-- Opening Marker --
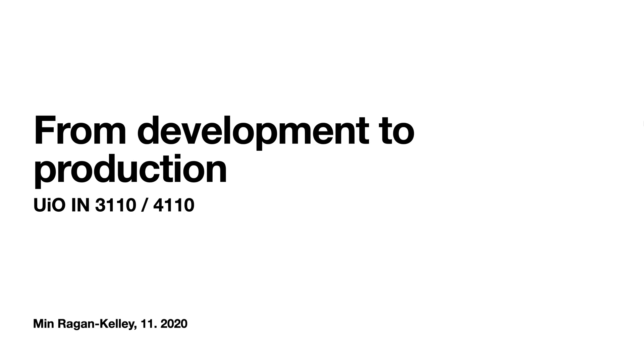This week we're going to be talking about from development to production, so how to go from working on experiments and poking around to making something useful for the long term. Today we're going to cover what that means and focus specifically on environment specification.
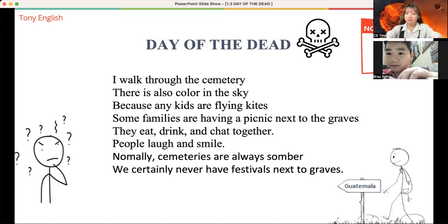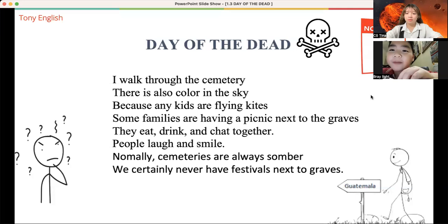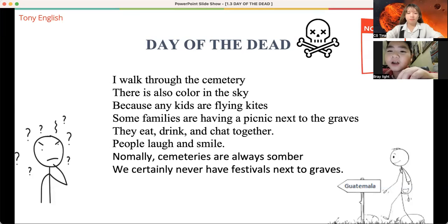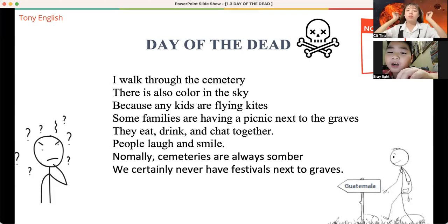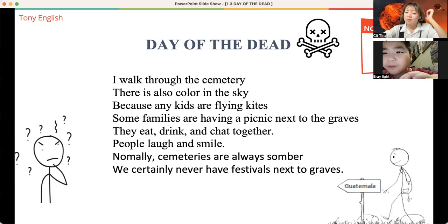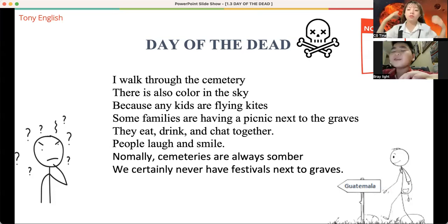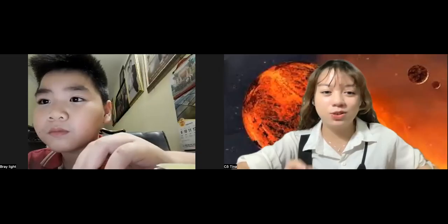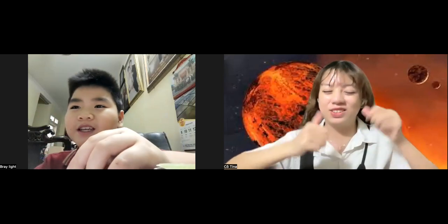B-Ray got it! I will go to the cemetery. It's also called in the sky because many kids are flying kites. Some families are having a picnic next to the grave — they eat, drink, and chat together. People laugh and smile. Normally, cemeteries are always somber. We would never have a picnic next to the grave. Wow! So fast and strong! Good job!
-- Closing Marker --
-- Opening Marker --
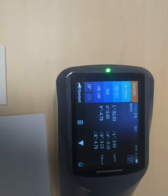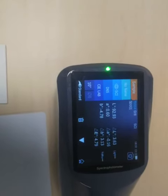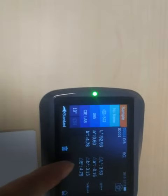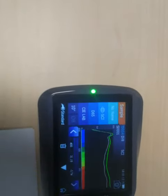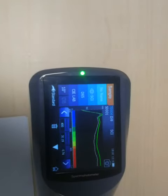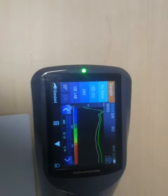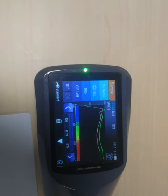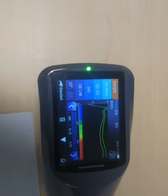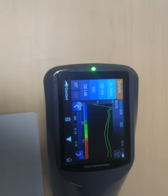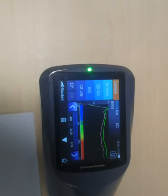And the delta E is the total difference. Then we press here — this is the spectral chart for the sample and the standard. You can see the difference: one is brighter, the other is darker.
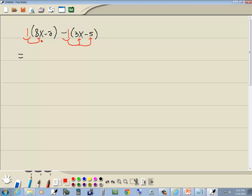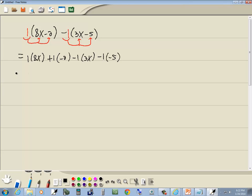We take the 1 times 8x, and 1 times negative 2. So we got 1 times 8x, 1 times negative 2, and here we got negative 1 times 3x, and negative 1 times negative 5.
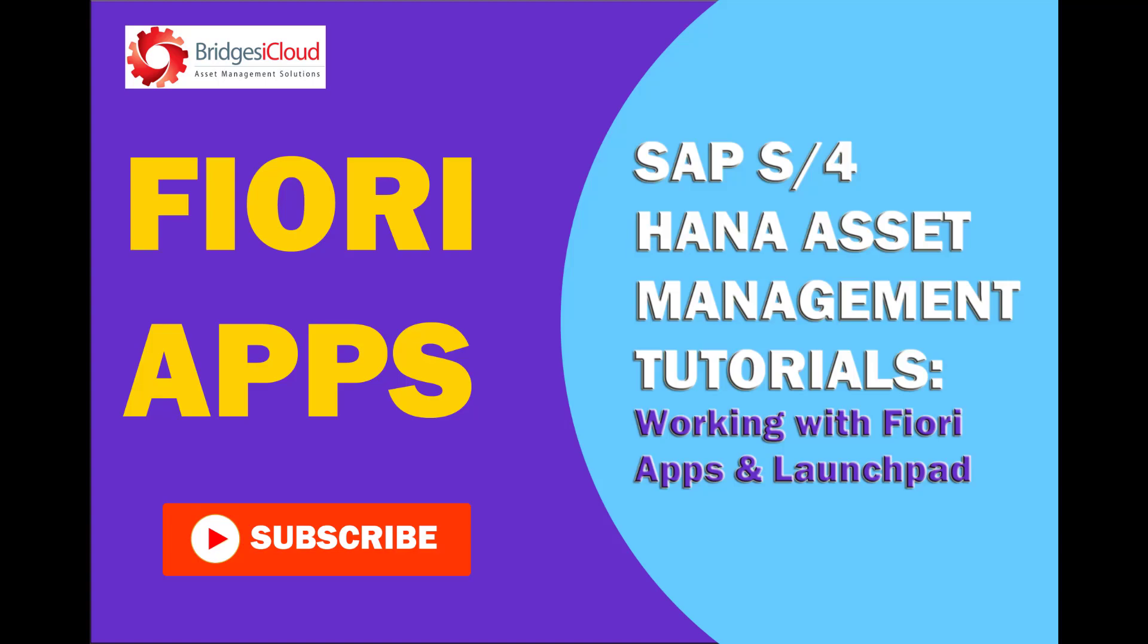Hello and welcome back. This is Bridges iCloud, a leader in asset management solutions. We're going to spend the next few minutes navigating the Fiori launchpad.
-- Closing Marker --
# [What the task requires]
Leaving out the pictures, please output the lines in the entries above from the one with "We take the" through the one with "Hello and welcome", exactly as they are.

# [Answer to this exercise]
We take the 1 times 8x, and 1 times negative 2. So we got 1 times 8x, 1 times negative 2, and here we got negative 1 times 3x, and negative 1 times negative 5.
Hello and welcome back. This is Bridges iCloud, a leader in asset management solutions. We're going to spend the next few minutes navigating the Fiori launchpad.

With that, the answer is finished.